Sunday, January 23, 2011

Catholics and Guns

There's an article published by U.S. Catholic that's been getting a lot of press recently. Entitled "Gun control: Church firmly, quietly opposes firearms for civilians," this article quotes from the November 2000 United States Conference of Catholic Bishops document "Responsibility, Rehabilitation and Restoration: A Catholic Perspective on Crime and Criminal Justice". The implications of the U.S. Catholic article have raised questions among some Catholic gun owners and others.
"As bishops, we support measures that control the sale and use of firearms and make them safer -- especially efforts that prevent their unsupervised use by children or anyone other than the owner -- and we reiterate our call for sensible regulation of handguns."

That's followed by a footnote that states: "However, we believe that in the long run and with few exceptions -- i.e. police officers, military use -- handguns should be eliminated from our society."

That in turn reiterates a line in the bishops' 1990 pastoral statement on substance abuse, which called "for effective and courageous action to control handguns, leading to their eventual elimination from our society."

That has led many in the press to make the claim that faithful Catholics may not own guns, or that it may be sinful to do so. A respected gun rights writer tries to make hay by framing this as a Catholic teaching. Even some whom we would expect to use more care have erroneously implied that this view marks the "Catholic Church's position on gun control".

However, this interpretation is incorrect. The Bishops' statement on eliminating firearms from society IS NOT part of Catholic doctrine. In fact, the USCCB has no authority to dictate what is, or is not, part of the magisterial teaching on morality. Simply put, they cannot make doctrine. What this statement refers to is a social norm that the Bishops would like to see come to pass in a perfect world. Wouldn't we all? In a perfect society one would not need guns. However, any hope for that was lost when man was thrown out of the Garden of Eden.

The Church supports the right of self defense for all people. The Catechism of the Catholic Church clearly addresses this issue.

"Love toward oneself remains a fundamental principle of morality. Therefore it is legitimate to insist on respect for one's own right to life. Someone who defends his life is not guilty of murder even if he is forced to deal his aggressor a lethal blow: If a man in self-defense uses more than necessary violence, it will be unlawful: whereas if he repels force with moderation, his defense will be lawful. ... Nor is it necessary for salvation that a man omit the act of moderate self-defense to avoid killing the other man, since one is bound to take more care of one's own life than of another's." (CCC 2264).
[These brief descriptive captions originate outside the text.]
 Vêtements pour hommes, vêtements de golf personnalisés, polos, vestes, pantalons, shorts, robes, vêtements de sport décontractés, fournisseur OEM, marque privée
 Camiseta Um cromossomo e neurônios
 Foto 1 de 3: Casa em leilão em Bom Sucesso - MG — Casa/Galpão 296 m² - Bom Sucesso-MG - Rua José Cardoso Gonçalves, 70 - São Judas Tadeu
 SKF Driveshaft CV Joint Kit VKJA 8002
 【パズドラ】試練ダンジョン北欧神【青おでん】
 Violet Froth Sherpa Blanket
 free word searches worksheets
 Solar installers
This actually meshes quite well with secular regulations on self defense. A person is obligated legally use only the force necessary, up to and including lethal force, to stop an attack when one is at risk of imminent serious injury or death. The Catechism also remarks on the defense of others.

"Legitimate defense can be not only a right but a grave duty for one who is responsible for the lives of others. The defense of the common good requires that an unjust aggressor be rendered unable to cause harm. For this reason, those who legitimately hold authority also have the right to use arms to repel aggressors against the civil community entrusted to their responsibility." (CCC 2265)
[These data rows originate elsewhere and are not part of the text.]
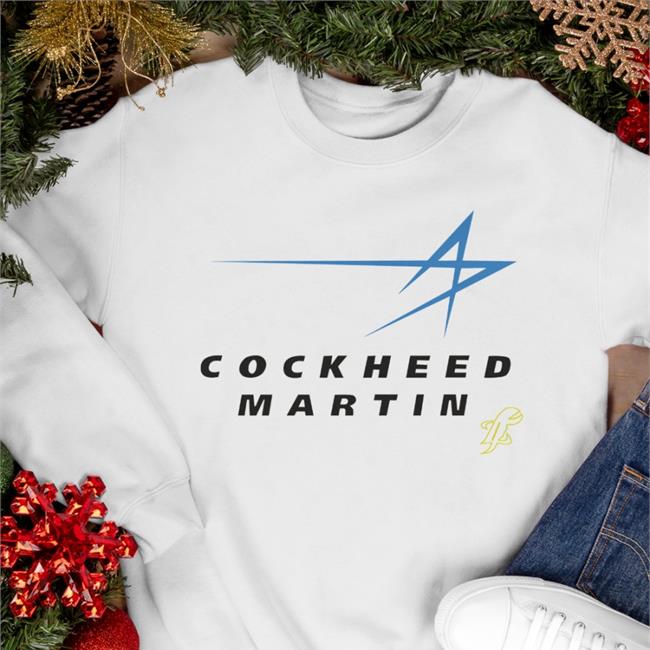 Top Lobsta Store Merch Cockheed Martin Classic Tee Shirts White TopLobsta Jeremy Kauffman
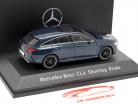 Mercedes-Benz CLA Shooting Brake (X118) année de construction 2019 denim bleu 1:43 Spark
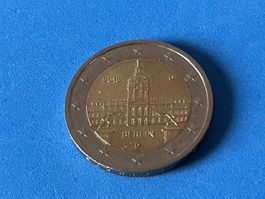 Germany - 2 Euros (Bundesländer - "Berlin") 2018 Circulated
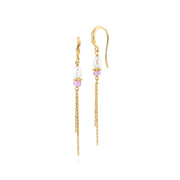 Betty - Earrings Gold-plated
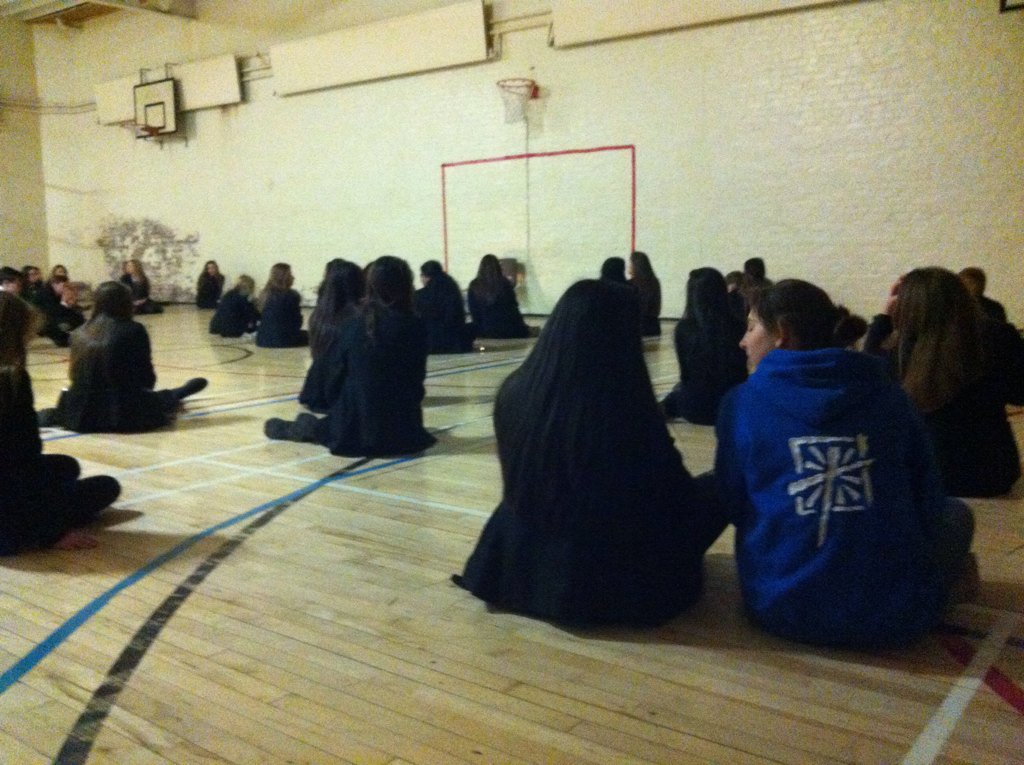 netscotlandroa1's tweet photo. Had a great day with the S2's from Our Lady's! #dosomethingamazing #lovewhatyoudo https://t.co/LBhLpxv56q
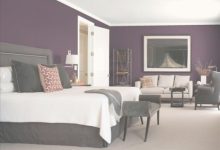 Purple Colour Combination For Bedroom
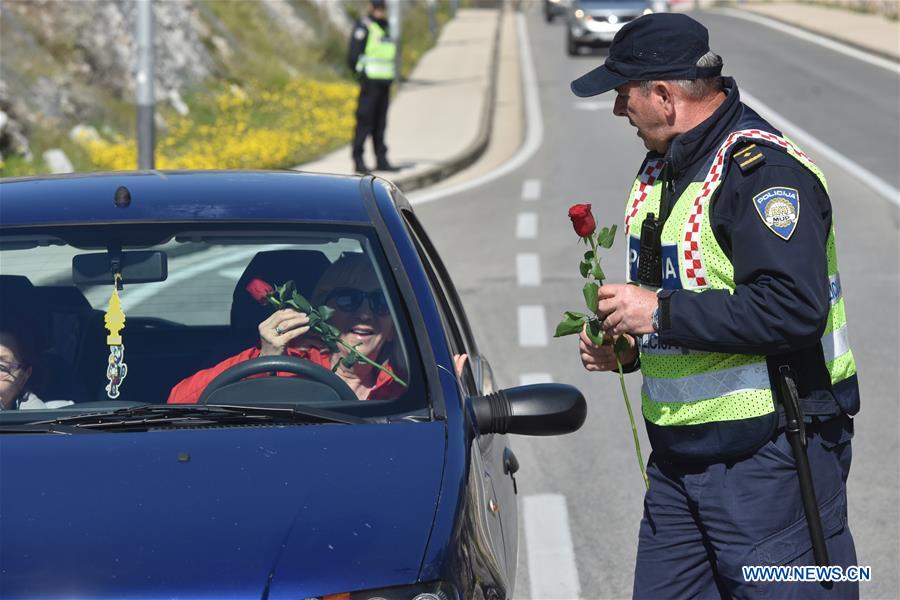 CROATIA-SIBENIK-WOMEN'S DAY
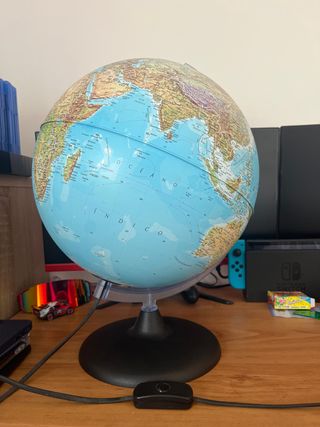 Globo terráqueo lámpara - Iluminación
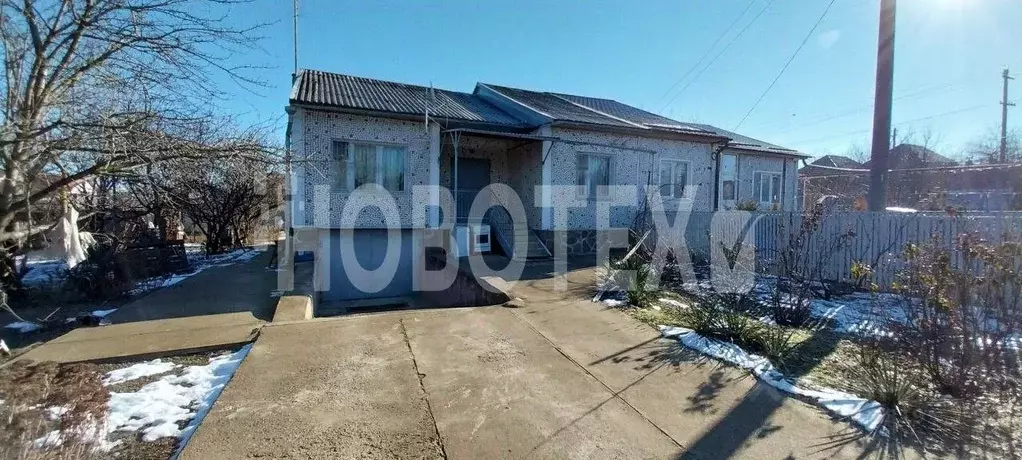 Коттедж в Краснодарский край, Кропоткин Кавказский район, Вагонный ... - Фото 1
As a parent, I hold legitimately authority over those whom God has trusted to my care. It is my "grave duty" to protect them from harm.

The Catechism of the Catholic Church makes no mention of the morality of gun ownership. Certainly it covers the use of deadly force, but the Church has no official teaching on the tools employed in legitimate defense. Despite the twisting of words, and misunderstanding of these documents, faithful Catholics are not obligated to give up their personal firearms in order to remain in good moral standing with the Church.